そして集中する。まるで感情を捨てたかのように、アドルフの瞳は揺れない。
それはどこまでも澄んだ瞳をしており、真っ直ぐに相手を捉え、目を離さない。
いつからこうなったのか自分でも分からない。
でもこうなると見えるのだ。
そしてドロミンの長い黒髪が僅かに揺れた瞬間、斬撃が来た。
それは単純な横薙ぎである。

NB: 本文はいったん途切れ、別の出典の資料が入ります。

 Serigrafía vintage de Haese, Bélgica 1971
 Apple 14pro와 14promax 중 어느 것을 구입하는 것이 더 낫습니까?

だが、その速さは帝国中を探しても見つけられないだろう。
そしてそれを受け止められる人間も限られる。
再度、森に激しい音が響いた。
さっきよりも大きな音だったのか、少し遠くで鳥たちが危機を感じて飛び立った。
それが合図と言わんばかりに、ドロミンは剣を納めた。
「よし! これでおしまい! 明日からは別の事を教えるよ!」
要するに剣については一旦一段落ということらしい。
まだまだ足らない気もするが、先生が言うのであればそうなのだろう。
「先生、次は何を教えてくれるんですか?」
「次はね……」
そしてドロミンは手のひらを前に出して、目を閉じた。
次の瞬間、彼女の手のひらの上に小さな火が灯った。
「魔法について……」
その言葉にアドルフの胸はざわついた。